Fourth Why Having determined that the inventory data contain errors, the team asks, “Why are the inventory data inaccurate?” The team is told that for the last decade, the stockroom of over 5,000 line items has maintained an inven­tory accuracy of 95 to 97%. The accuracy level yielded by the inventory control system is a real point of pride among those in the stockroom responsible for charting the inventory data. Indeed, an inventory accuracy of 95 to 97% was probably adequate before the company implemented the ERP system. But with the implementation of ERP’s automation, there is now little human intervention or double-checking of pur­chase transaction validity. What is more, the people who used to do that have been shifted to other jobs or are no lon­ger with the company. It is all left to the computer. With an inventory accuracy of 95 to 97%, it is guaranteed that many, if not most, of ERP’s material requests will be invalid in one way or another. The team concludes that inventory accuracy that had been satisfactory under the old manual system is no longer good enough. When the ERP system was imple­mented, no corresponding upgrading of the inventory sys­tem had taken place. Is this the root cause?

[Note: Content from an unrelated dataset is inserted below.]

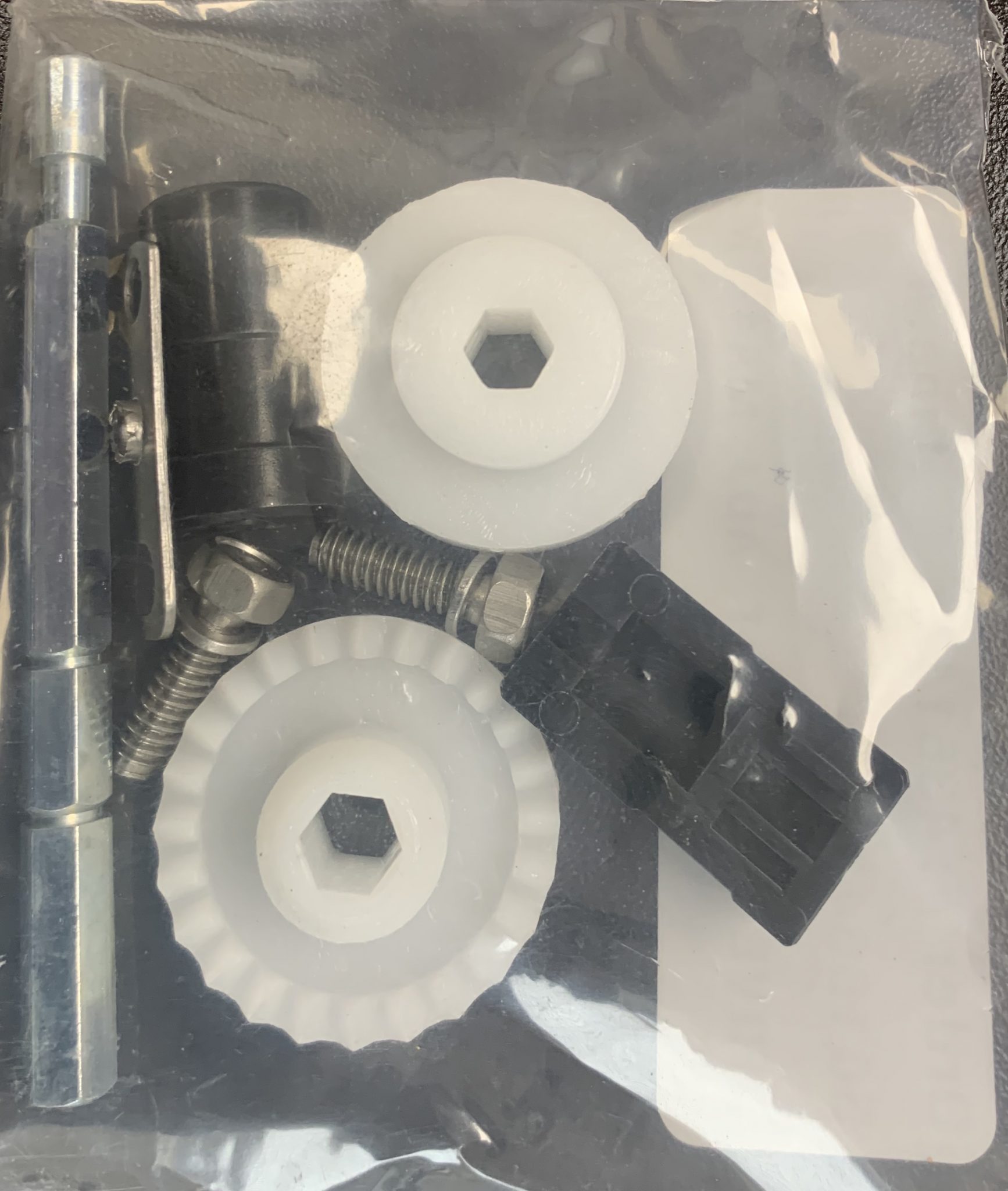 DRIVE SHAFT KIT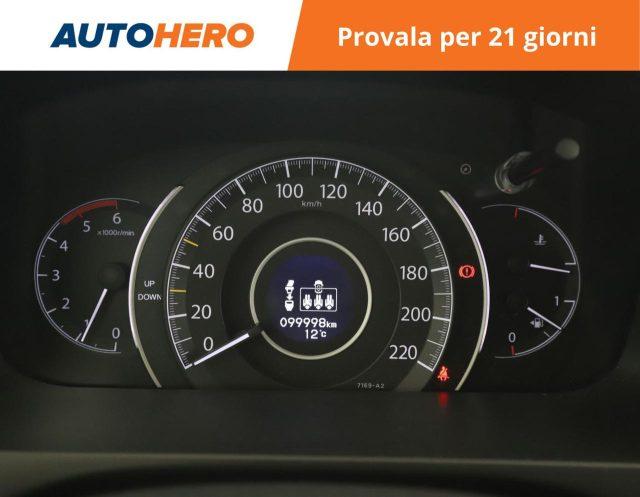 HONDA CR-V 1.6 i-DTEC Elegance 2WD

Fifth Why The team members are beginning to think they are almost there, but they decide to probe at least one layer deeper. They ask, “Why wasn’t the inventory system upgraded in concert with the ERP implementation?” The evidence is that when management decided to replace the company’s long-standing manual planning system with ERP, the organization did not understand that a virtually error-free, real-time inventory would be required. Inventory accuracy had not been a problem over the years; hence, no effort was made to change inventory equipment, procedures, or methods. Management had been in the dark. Is that the root cause? The team doesn’t think so. After all, no one—not even experienced, well-paid managers—knows everything. The root cause, as determined by the team, is that the orga­nization has no effective internal planning process in place to ensure that when new systems are implemented, the relevant infrastructure is capable of supporting it. Had such a process been in place, the right people would have found that the existing inventory system was incapable of supporting ERP.

Beyond the Fifth Why Five Why’s will usually lead to a root cause, but occasionally a sixth or seventh may be use­ful. In this case, we could have asked “Why?” once or twice more to find out why the cited procedure didn’t exist, but that would not seem to be very productive.

Step 5: Develop and Implement a Countermeasure Continuing, the team found it easy to articulate their solu­tion (countermeasure). It has four components:

To correct the immediate problem,

  1. The team must acquaint the management with ERP re­quirements for inventory accuracy.
  2. Management must commit to, and support, the upgrad­ing of the inventory system.
  3. Until virtually 100% inventory database accuracy is achieved, the organization must restore manual checks on the system to prevent unnecessary material orders.

To prevent similar problems in the future,

  1. A procedure must be implemented to ensure
  2. Understanding of the needs of prospective new sys­tems before committing to them.
  3. Concurrent availability of suitable infrastructure support for any new systems that are implemented.

Step 6: Determine the Effectiveness of the Countermeasure The team now has to determine whether the improvement objective developed in substep 2f is being satisfied by the implementation of the countermeasure. This may be done by testing and monitoring until the accumulation of data can determine a statistically valid “yes” or “no” answer. Should the answer be “no,” then the team must come up with a different countermeasure. Once the answer is “yes,” the team can proceed to the final step.

Step 7: Change the Standard Whether the “standard” in question is a product specification, a manufacturing pro­cess, or a work instruction, the team must update it to re­flect any change(s) made through the countermeasure. This documents the improvement made and becomes the new standard for the process or product, to which all relevant employees will adhere.